── Source data ──

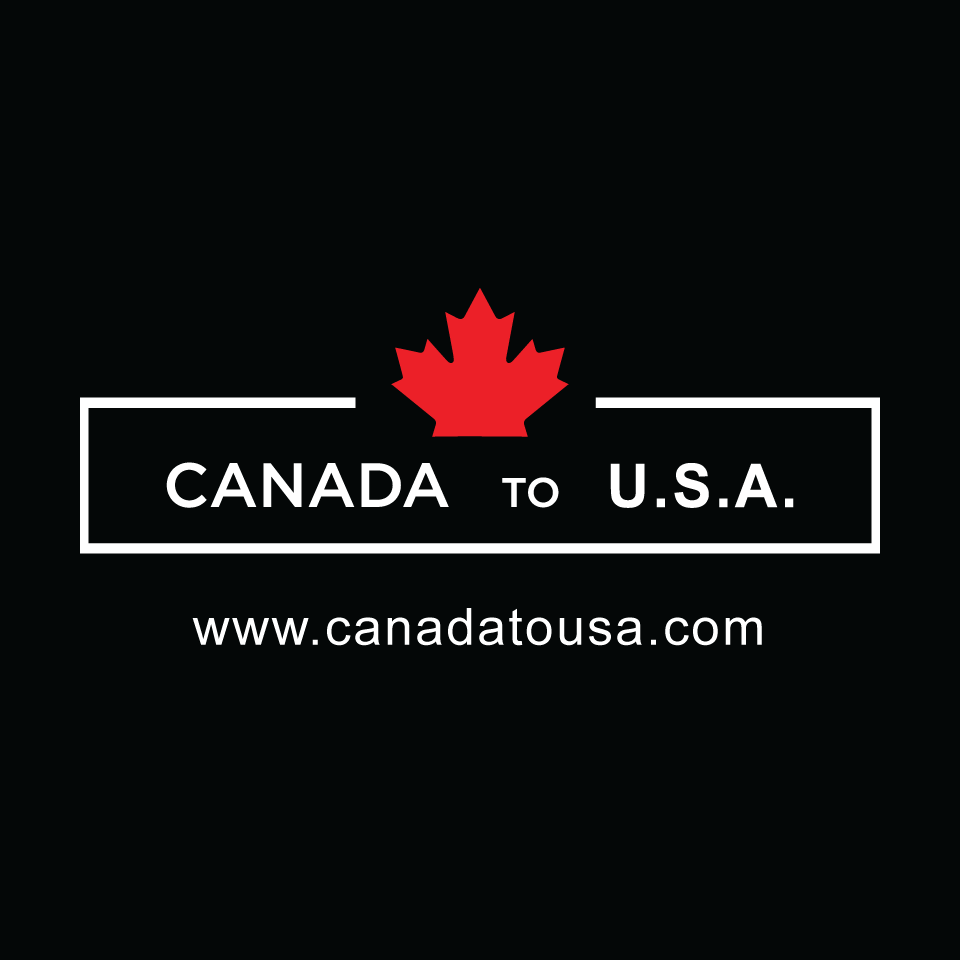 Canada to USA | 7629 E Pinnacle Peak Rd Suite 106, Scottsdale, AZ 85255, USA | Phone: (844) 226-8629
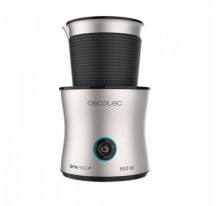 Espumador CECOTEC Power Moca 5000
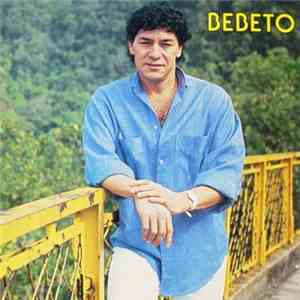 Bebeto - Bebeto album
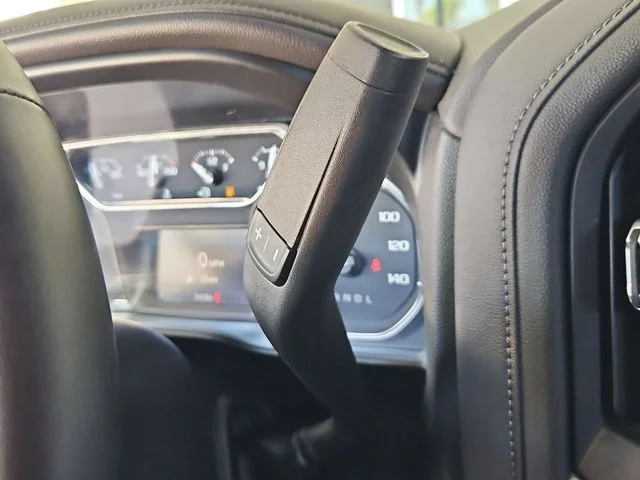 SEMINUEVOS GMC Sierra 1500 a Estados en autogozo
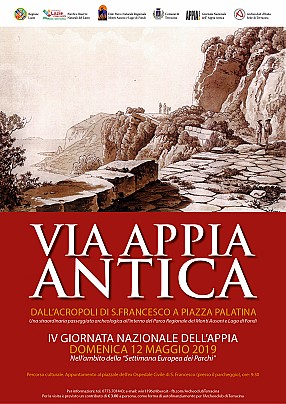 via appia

───

→ **Problem description**:
Begin with the line holding "Espumador CECOTEC Power Moca 5000" and end with the last line of the listing. Reproduce each of those lines exactly, and leave every picture out.

→ **Answer to this exercise**:
 Espumador CECOTEC Power Moca 5000
 Bebeto - Bebeto album
 SEMINUEVOS GMC Sierra 1500 a Estados en autogozo
 via appia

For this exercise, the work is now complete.